Vertical schools have a long history in Europe, Asia and America. The only Australian precedent is St Andrew’s Cathedral School in Sydney, a 1976 eight-storey brutalist design by Noel Bell and Herbert F. Hely in which students occupy the upper three levels and roof. I am writing this article from Sweden, where I pass nineteenth-century four- and five-storey schools every day. Historian Catherine Burke led a 2010 report2 on examples of multistorey primary schools in the UK, including an 1870s five-storey Manchester school and a seven-storey Hackney school from 1898. Burke’s research addressed the question of whether the choice of single or multistorey primary schools affected the quality or delivery of education. The report’s findings are relevant to the Australian context and have helped inform this article.
The Australian vertical school phenomenon can be divided typologically into mid-rise and highrise. Most of our built or planned vertical schools are mid-rise (between four and seven storeys). Taller schools, up to seventeen storeys, are being developed in New South Wales and Western Australia.
Mid-rise schools in Victoria, South Australia and Queensland reflect their northern European precedents. Typically, these schools are designed around a major central atrium. Examples I’ve visited recently in Copenhagen include the influential three-storey 2002 Hellerup School by Arkitema Architects, the five-storey 2007 Ørestad College by 3XN, the five-storey 2015 Sydhavnen School by JJW Arkitekter and the 2017 Copenhagen International School by C.F. Møller, which ranges from five to seven storeys.

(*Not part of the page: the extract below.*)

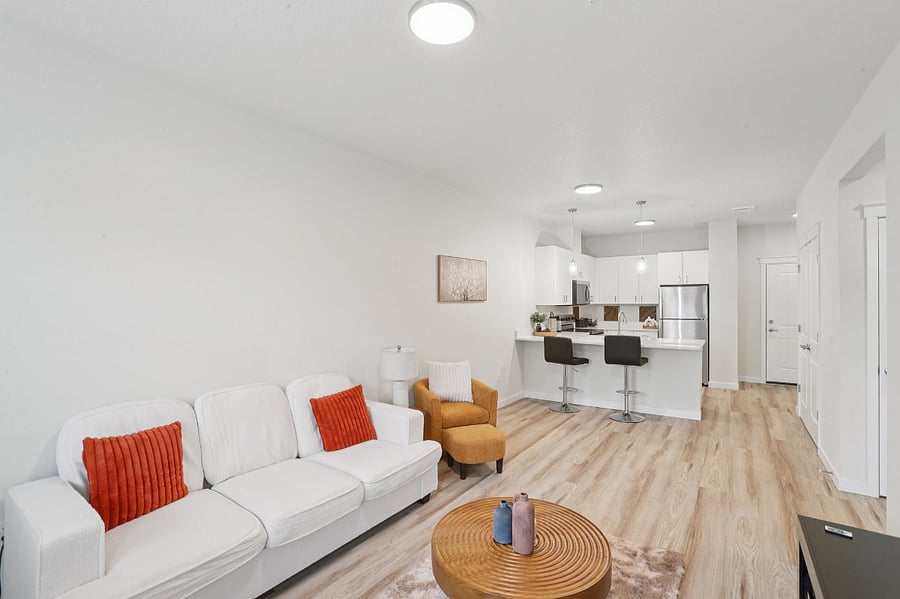 Living space with sofa and coffee table - TV will be provided.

Schools with a similar format in Finland and Sweden include the 2012 Saunalahti School in Espoo by Verstas Architects and the 2016 Barkarby School in Stockholm by Liljewall Arkitekter.

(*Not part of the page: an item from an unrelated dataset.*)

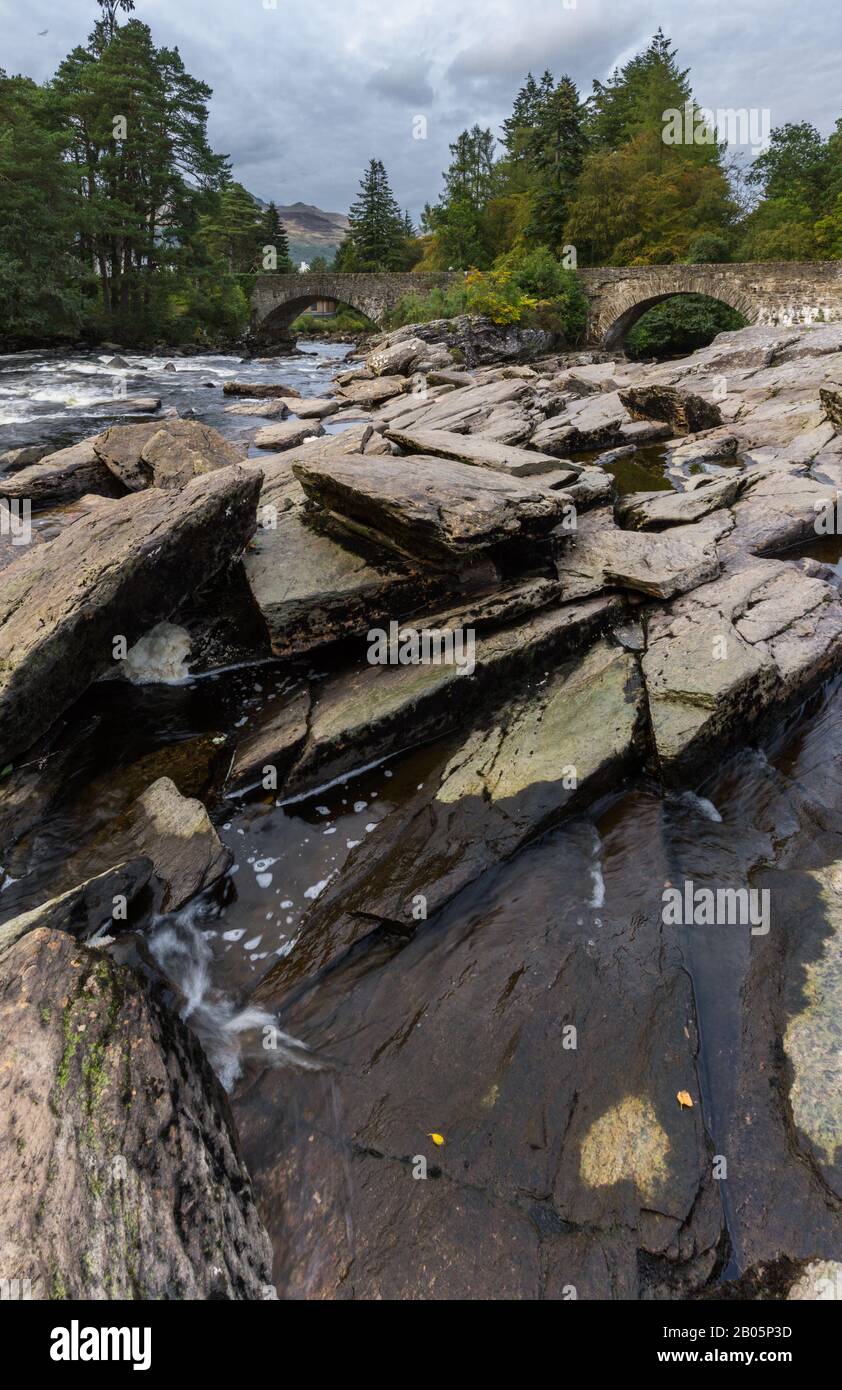 Beautiful Dochart falls in Killin Scotland with lots of rocks and low ...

Opened in 2019, Adelaide Botanic High School by Cox Architecture and DesignInc has six learning levels in a refurbished building previously used by the University of South Australia. The existing building is linked by a glass atrium to a new seven- storey structure with a rooftop terrace designed to accommodate 1,250 students when it reaches capacity in 2022. Recently, Victoria has opened vertical schools in Richmond, Prahran and South Melbourne, all of which are similar in scale and format. The five-storey Prahran High School by Gray Puksand and Hayball’s four-storey Richmond High School (Griffiths Street campus) opened in 2019, each with capacity for 650 students. The six-storey South Melbourne Primary School, also by Hayball, opened in 2018 and caters for 525 students. The Queensland government is proposing two vertical schools in Brisbane’s inner city by 2020 to help accommodate the state’s estimated 3,000 extra students in the next five years.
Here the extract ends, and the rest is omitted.